It’s Easy Being Green: Trees Take Root in U.S. Cities
SOURCE: AP/Lee Celano
There’s a new great wall in China: the Great Green Wall. This modern “wall,” which was initiated by Beijing officials, will be a 2,800-mile network of over 9 million acres of trees planted at a cost of up to $8 billion. This wall isnít meant to keep out military invaders, instead it is designed to stop the advancing Gobi Desert, which is expanding by an estimated 950 square miles a year due to overgrazing, deforestation, and drought.
Trees are sprouting up in cities all over the United States to defend against other invaders: air pollution, carbon emissions, and heat. Mayors across the country in cities such as New York, Sacramento, Atlanta, Seattle, Denver, and Indianapolis are launching tree-planting campaigns of varying sizes to address these concerns. The projects range from the ambitious goal of 1 million new trees in Los Angeles and Salt Lake City to 100,000 in Boston.

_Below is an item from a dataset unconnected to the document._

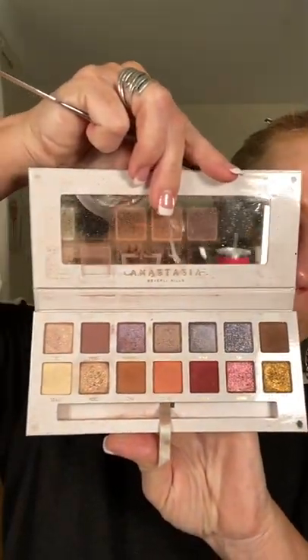Does anyone have the Carly Bible palette? And is it still available? I should know this before I make a video, but I just want to play and I thought I'd film it.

These campaigns use trees to remove air pollution, beautify cities, lower energy use, and absorb carbon dioxide—all aims supported by scientific research. A study by the Center for Urban Horticulture at the University of Washington shows that a mature tree canopy in a city reduces air temperatures by 5° to 10°F, lessening the need for air conditioning. And a mature tree absorbs 120 to 240 pounds of air pollution’s small particles and gases each year. The U.S. Department of Agriculture also reports that one acre of forest absorbs six tons of carbon dioxide and puts out four tons of oxygen.
But planting trees may not be as simple as many mayors and city residents hope. Three-dozen cities nation-wide have lost a quarter of their tree canopy since 1972. And rapid urban development has left some cities without space to plant trees. A scientist with the Forest Service working on Los Angeles’ campaign found suitable spots for only 1.3 million trees. And even if the trees are put in the ground, city environments are practically war zones for trees, filled with insects, drought, and drunk drivers, which means the trees need constant care.
Washington, D.C. has less ambitious goals than some other cities, but it is making progress. Community group Casey Trees helped plant 1,500 trees in the city in 2007. The city’s tree canopy cover is 35 percent and the city spends more than New York or Los Angeles per capita on its forest of 120,000 street trees. American Forests, a non-profit organization, recommends that cities east of the Mississippi and in the Pacific Northwest set a goal of achieving a 40 percent tree canopy average, which is the amount needed to maintain environmental quality and help control air and water management costs.
The benefits of having more city trees are worth the effort, despite the difficulties. Los Angeles can take credit for over 70,000 new trees since the program was launched even those it has faced some hurdles. “Everyone in the city is rolling up their sleeves figuring out how weíre going to do this,” said project manager Huston Morris-Irvin, adding that the response to the program has been tremendous. Evidently, it tapped into something in the city—perhaps a longing for more green and less grey. The number of trees already planted is far more than the city was planting before, and seeing success provides momentum for the program to keep going.
If Los Angeles can pull off half a million trees—particularly in an environment that some would say is not ideally suited for leafy, green trees—it would definitely help encourage other cities to reach for similar goals.